The most interesting character in the movie is Joan Clarke, the female assistant who is later briefly engaged to Turing. But the film’s attempt to make her complicated ends up making her somewhat incomprehensible. At first she is almost slavishly devoted to her parents, willing to give up important code-breaking work if they don’t want her to do it; later she is so devoted to her world-changing work that she yells at Turing that she’s staying no matter what. After she agrees to wed Turing and he discloses to her his sexuality, she is completely fine with the possibility of marrying a homosexual; but later she is portrayed as always wanting a “normal” life. One senses there is a lot missing in Joan’s tale, or perhaps too much fiction inserted.

I could go on. To this reviewer, the worst of these movie crimes is that The Imitation Game received five Golden Globe nominations (including best motion picture, drama) and Interstellar — a beautiful, haunting, brilliant, soul-stirring move — received none in the major categories. If the Academy follows the Hollywood Foreign Press Association’s lead, expect to find me somewhere howling about the decline of civilization.

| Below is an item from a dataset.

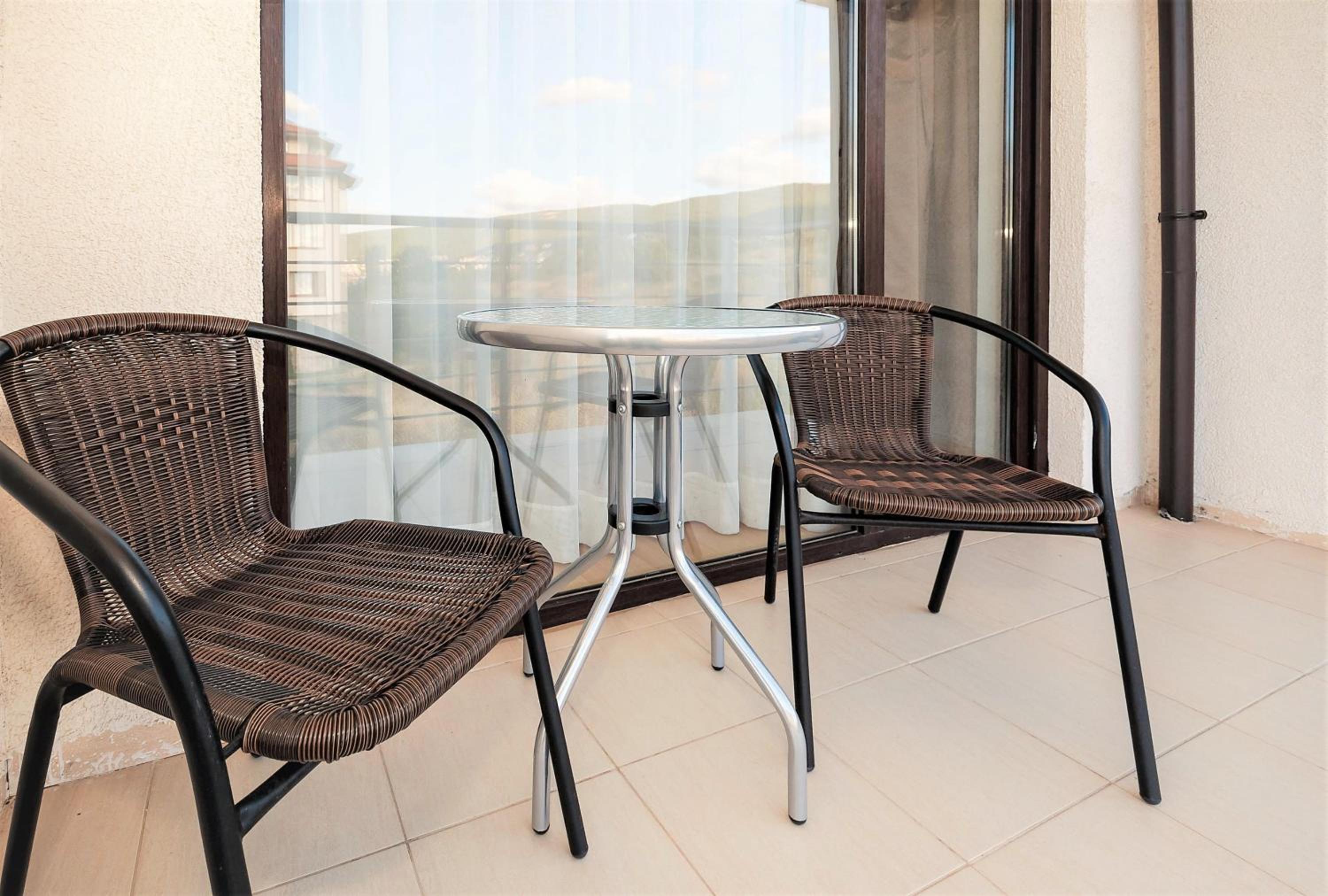 Charming 1 Bedroom Apartment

The Imitation Game masquerades as a more profound movie than it is. Again and again, it bangs us over the head with its lessons. “Now, detective, you get to judge,” Turing says at the end of the film, after he has relayed his life story. “I can’t judge you,” replies the detective. Another great lesson of fashionable morality: Don’t judge people, even while you obviously lionize them on the Silver Screen. While many Christians, including me, agree with the film that governments today should not send gay people to jail (or force them into hormonal treatment), surely all of us with some sort of artistic sensibility can agree that Turing’s story deserved more than platitudes. One walks away from this film feeling that true story of Alan Turing — a story of history-changing brilliance, a story of unjust suffering, a story with all the subtle shades of human emotion — is only imitated here.